On my first evening in California, I was stopped by a police car – or highway patrol car, or whatever – for shooting a stop sign. But as John Staddon observes in The Atlantic Monthly,
Consider the stop sign. It seems innocuous enough; we do need to stop from time to time. But think about how the signs are actually set up and used. For one thing, there’s the placement of the signs—off to the side of the road, often amid trees, parked cars, and other road signs; rarely right in front of the driver, where he or she should be looking.
Then there’s the sheer number of them. They sit at almost every intersection in most American neighborhoods. In some, every intersection seems to have a four-way stop. Stop signs are costly to drivers and bad for the environment: stop/start driving uses more gas, and vehicles pollute most when starting up from rest. More to the point, however, the overabundance of stop signs teaches drivers to be less observant of cross traffic and to exercise less judgment when driving—instead, they look for signs and drive according to what the signs tell them to do.
The four-way stop deserves special recognition as a masterpiece of counterproductive public-safety efforts.
John Staddon, Distracting Miss Daisy, The Atlantic Monthly
So soon I’ll be driving again in the US, around Colorado, Wyoming and Utah.
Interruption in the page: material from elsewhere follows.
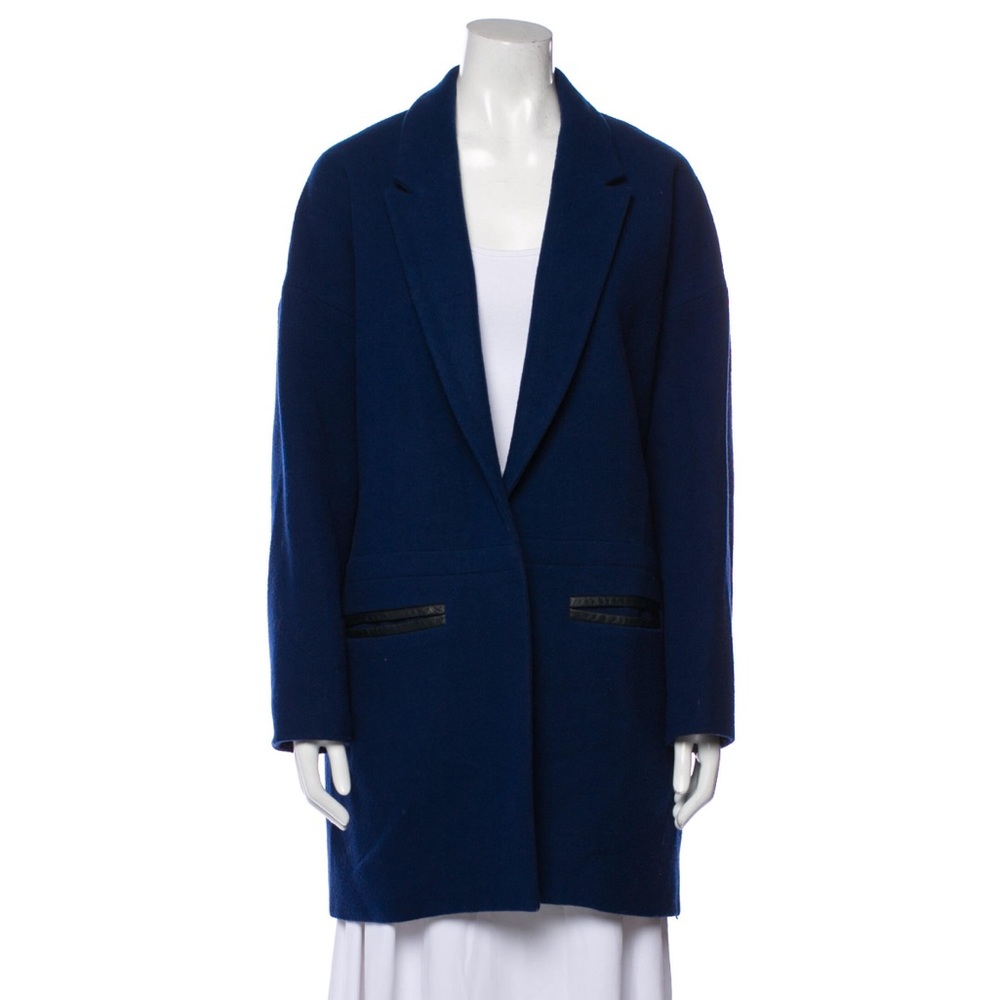 Maje Jordi Blue Navy wool coat size FR 40 / US 10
I’ll try to remember not to overtake yellow buses, I’ll try to bear the crawling overtake as two lanes of cars set their cruise control speeds only the tiniest fraction apart, I’ll curse the absence of roundabout and marvel at the lights strung across intersections on crossroads miles from anywhere. and I hope i wont be adding to the stats that make the US a considerably more dangerous place to drive.